Business climate study is a mixed bag for N.H.
When it comes to taxes, state ranks high and low
New Hampshire had the eighth-best business tax climate in the country last year, but the third worst tax on corporations.
Yes, you’ve read that right. And the numbers aren’t from dueling reports, but the same report: The Tax Foundation’s 2014 edition of the State Business Tax Climate Index, released Wednesday.
It gets even more confusing because of dueling press releases that simplified the findings. The Tax Foundation put New Hampshire on the top, while Americans for Prosperity-New Hampshire – eager to talk about the state’s “poor job creation climate” – says the foundation’s report puts the state at the bottom.

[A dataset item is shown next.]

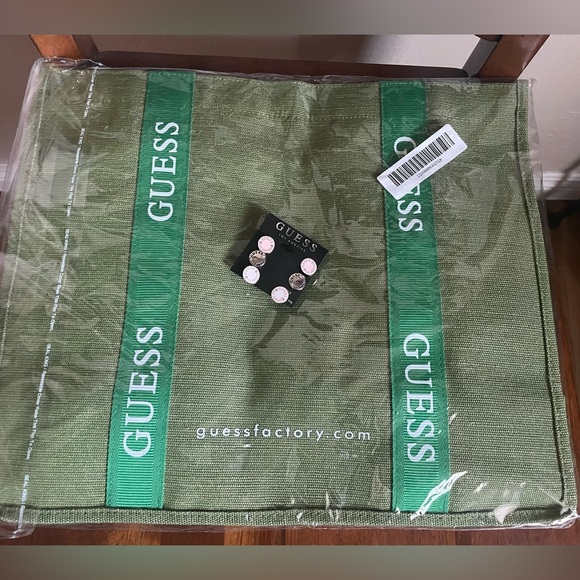 Guess Tote Bag & Earrings - Picture 2 of 6
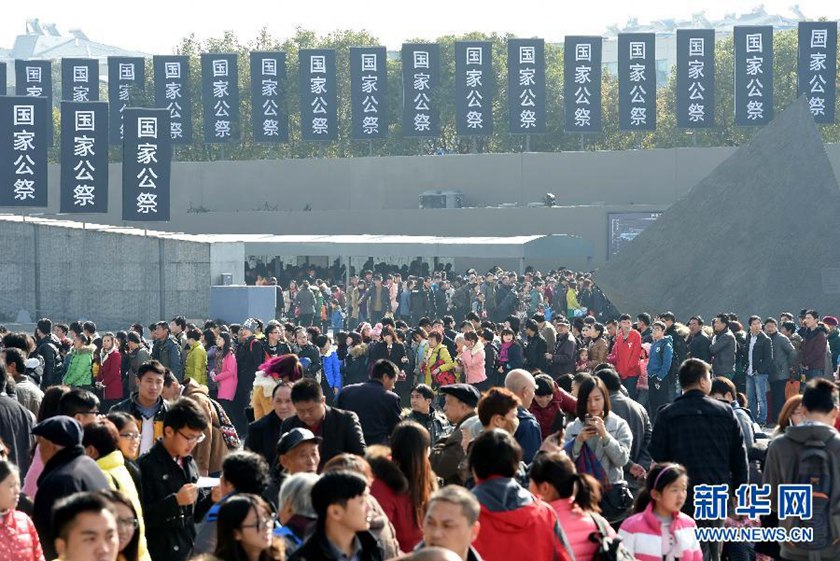 12月14日,參觀者在南京大屠殺遇難同胞紀(jì)念館參觀。　　新華社記者孫參攝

The good news – the state’s great business tax climate ranking – is actually a composite of five weighted categories, of which corporate taxes, mainly the business profit tax and business enterprise tax, accounts for just one.
In New Hampshire’s favor is that the report gives the most weight – 32.4 percent and 21.5 percent, respectively – to whether or not a state has an income or sales tax.
In those two categories, unlike the others, New Hampshire stands out more, whereas in the other categories, it doesn’t deviate much from the average state.
When it comes to sales taxes, the Granite State is the best in the nation, outdoing other states because it has lower rates on such items as gas, cigarettes and beer.
The state ranks ninth when it comes to personal income tax, because the state does have an interest and dividends tax, which other income tax-free states don’t.
That’s where the good news ends. When it comes to corporate taxes – weighted at 20.2 percent – the state ranks 48th, the same as last year. After all, most states don’t grab 8.5 percent of a company’s profits.
Ditto when it comes the lower-weighted taxes, property tax and unemployment insurance tax.
To nobody's surprise, New Hampshire ranks 42nd when it comes to property tax. More surprising, perhaps, is that the state ranked 46th (fourth-worst in the nation) when it comes to unemployment taxes.